As Harold Bloom has remarked, "Heaney could not have found a more wistful, Clare-like emblem than the love-knot of straw for this precariously beautiful poem" (TLS, Feb 8th, 1980). From the marvellous swirling rhythm of the first stanza, as it builds itself up into the love-knot, 

But brightens as it tightens twist by twist 

to the calmly achieved peace and warmth of the final stanza, this unusual eulogy on married love is triumphant. As Heaney distances himself from specifically Irish poems his gift is allowed the scope it requires, and he produces "major" poems such as this. It can stand without further comment as a poem of the first rank. 

A final example of what I take to be a major work is Ted Hughes' poem ‘You Hated Spain’ (Poetry Supplement, Christmas 1979, The Poetry Book Society). In a deeply personal and powerful poem he reflects on his honeymoon with Sylvia Plath. It opens: 

                                     Spain frightened you. Spain 

          Where I felt at home. The blood-raw light,

          The oiled anchovy faces, the African

           Black edges to everything, frightened you. 

          Your schooling had somehow neglected Spain. 

and develops with tragic intensity and a series of chilling images: 


          held out a spidery hand took it 

          Timidly, a bobby-sox American. 

          You saw right down the Goya grin 

          And recognised it, and recoiled 

          As your poems winced into chill, as y.our panic 

          Clutched back towards college America. 

It is a rich and rewarding insight into a remarkable marriage, a glimpse into a private world terrifying after Heaney's calm — a poem charged by this extra tension into an even greater achievement. At its conclusion, we are left with the haunting image of Sylvia Plath, waiting "Like a soul waiting for a ferry", a delirious vision of happiness: 

                                       I see you, in moonlight, 

          Walking the empty wharf at Alicante 

          Like a soul waiting for a ferry, 

          A new soul, still not understanding, 

          Thinking it is still your honeymoon 

          In the happy world, with your whole life waiting, 

          Happy, and all your poems still to be found. 

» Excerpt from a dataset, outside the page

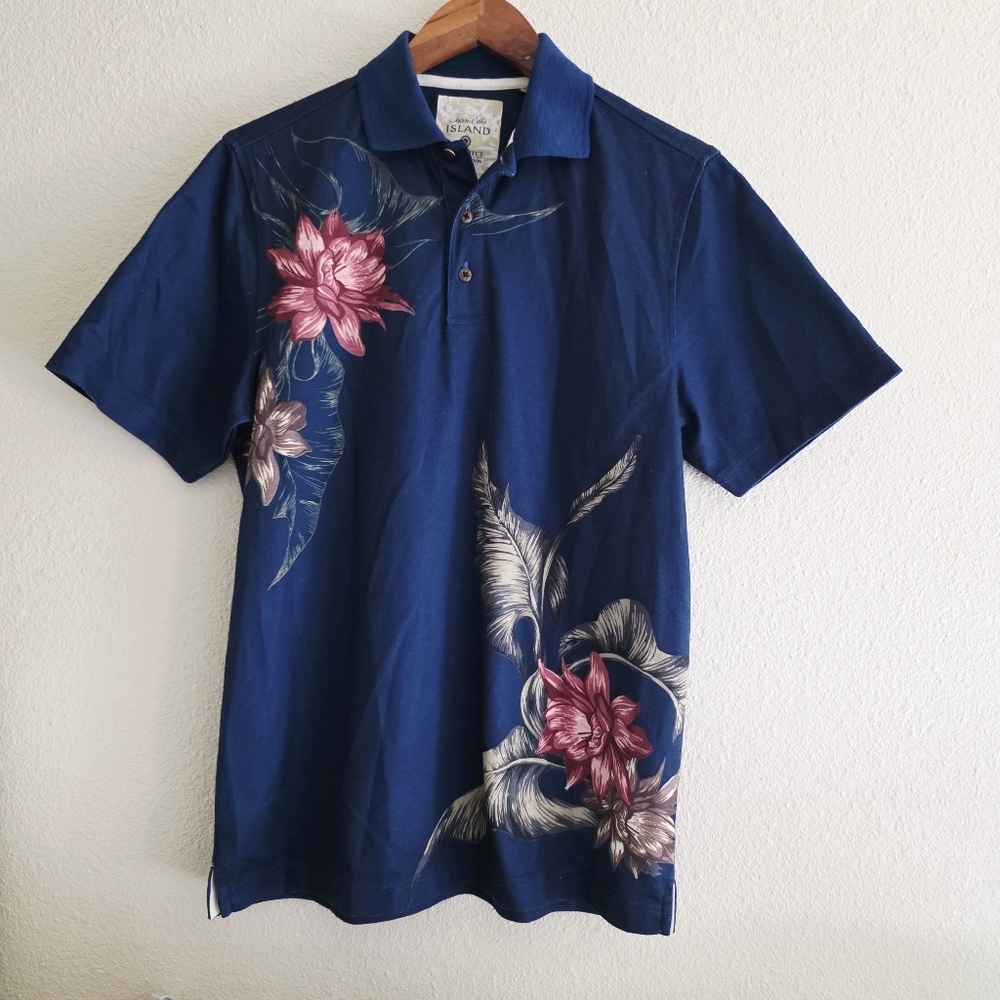Tasso Elba Polo Shirt Tropical Island Men’s S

These varying levels of intensity, in Hill, MacBeth, Heaney and Hughes, demonstrate a hard-earned technical excellence which we must not expect too soon in the younger poets. But I am confident that others will break through, and that hope is sufficient to keep looking, reading. waiting. For the moment, I believe the poems quoted from these four writers will stand alone as evidence of the high quality of poetry today. As Geoffrey Hill wrote in his ‘September Song’ (in King Log): 

          This is plenty. This is more than enough. 

'Poetry in England Today', Pacific Moana Quarterly, Vol. 6, No. 1, January 1981, pp.5-13.